Met zijn unieke Otto-humor en zijn oprechte, warme persoonlijkheid wist hij zelfs op de zwaarste momenten een glimlach te toveren op de gezichten van de mensen om hem heen. Hij werd dan ook treffend omschreven als: ‘Een grote knuffelbeer, je moet hem alleen niet kwaad maken.”

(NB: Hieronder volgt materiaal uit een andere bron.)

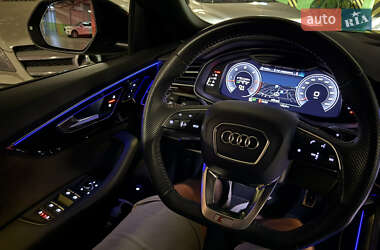 Внедорожник / Кроссовер Audi Q8 2020 в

Onze herinneringen aan Otto zijn een aaneenschakeling van momenten vol gezelligheid: de spontane BBQ’en, weekendjes weg, etentjes, verjaardagen en van die zomaar ontmoetingen waarbij zijn aanwezigheid de kamer altijd vulde met warmte en plezier. Tijdens een van deze weekendjes weg met vrienden ontstond ook zijn iconische uitspraak: “Ik zal je in de Muze gooien” – een zin die inmiddels bijna legendarisch is en die ons telkens weer doet glimlachen en ons laat herinneren aan de mooie weekendjes. Of de keer dat hij tijdens een etentje bij de Wok door Mitchell per ongeluk een paar biertjes over zich heen kreeg – niet in zijn glas, maar in zijn nek! Otto kon er na de eerste schrik wel de humor van inzien en lachte er hartelijk om. Nu we de Wok toch aangehaald hebben, ook het eten bij de Wok van slakken was iets waar Otto wel raad mee wist. Hoewel ze bekendstaan om hun traagheid, waren ze bij hem zo verdwenen.Maar Otto was veel meer dan alleen een bron van gezelligheid.

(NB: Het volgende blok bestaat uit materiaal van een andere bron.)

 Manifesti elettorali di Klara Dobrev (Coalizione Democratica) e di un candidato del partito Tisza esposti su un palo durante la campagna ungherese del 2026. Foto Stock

Het werken als vrachtwagenchauffeur was zijn ware roeping, en wanneer hij begon te vertellen over zijn vak, kwam hij helemaal tot leven. Zijn ogen begonnen te glinsteren, en een brede glimlach verscheen op zijn gezicht. Zijn passie werkte aanstekelijk. Iedereen die naar hem luisterde, voelde diezelfde drang om vrijheid en avontuur te proeven. Otto sprak met zo’n warmte en enthousiasme dat je zijn liefde voor het vak haast kon voelen. Het was niet zomaar werk voor hem; het was een levensstijl die hij koesterde en met plezier deelde met iedereen die het wilde horen.

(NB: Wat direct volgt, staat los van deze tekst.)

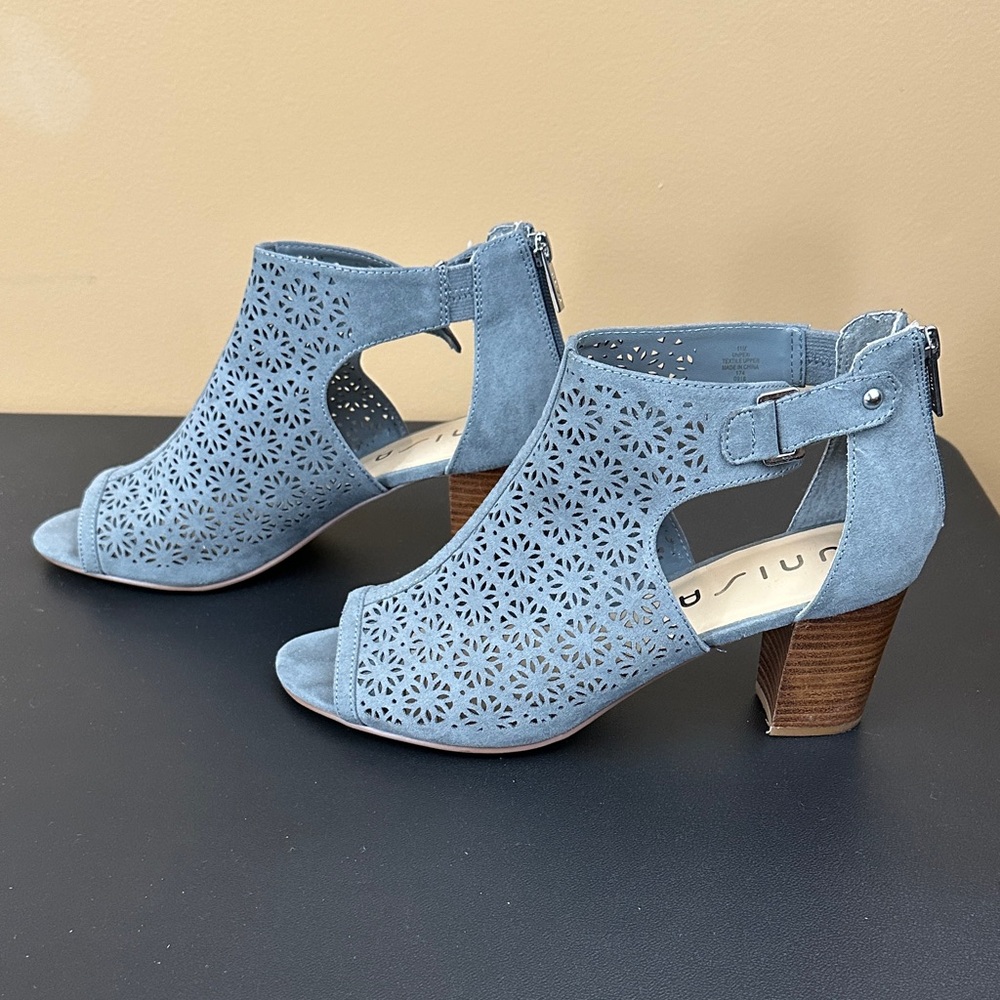 Unisa Blue Cutout Peep-Toe Heels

Otto stond bij ons bekend om zijn enorme hart en zijn onvoorwaardelijke inzet voor anderen. Zijn spontaniteit en de oprechte passie waarmee hij zich inzette voor de mensen om hem heen, maakten hem tot een rots waarop iedereen kon leunen. Niet alleen binnen onze eigen kring, maar ook in de bredere vriendengroep was hij de persoon bij wie je altijd terecht kon. Otto was er altijd, gedreven door de passie om voor anderen klaar te staan – zonder voorwaarden en met een warmte die hij vanzelfsprekend vond.
Otto gaf zichzelf altijd volledig. Zijn levensmotto leek simpel: geniet van de kleine dingen, en geef waar je kunt. Hij gaf ons zoveel vreugde en vriendschap, dingen die we nu koesteren als een kostbaar geschenk. Met een luisterend oor en wijze raad stond hij altijd klaar om iedereen te helpen. We zullen Otto dan ook herinneren als een bron van kracht en liefde, iemand die zijn eigen licht scheen en dat gul deelde met iedereen om hem heen.
Hoewel hij nu niet meer bij ons is, leeft zijn geest voort in onze herinneringen en in de levens die hij heeft geraakt. Zijn nalatenschap blijft bestaan in de mooie momenten die we samen deelden en in de vreugde die hij ons bracht.
Otto. Bedankt voor alles wat je ons hebt gegeven. Je blijft voor altijd, hierbij ook sprekend namens onze vriendengroep en verdere aanhang, in ons hart. We zullen je niet vergeten. Goede reis, vriend.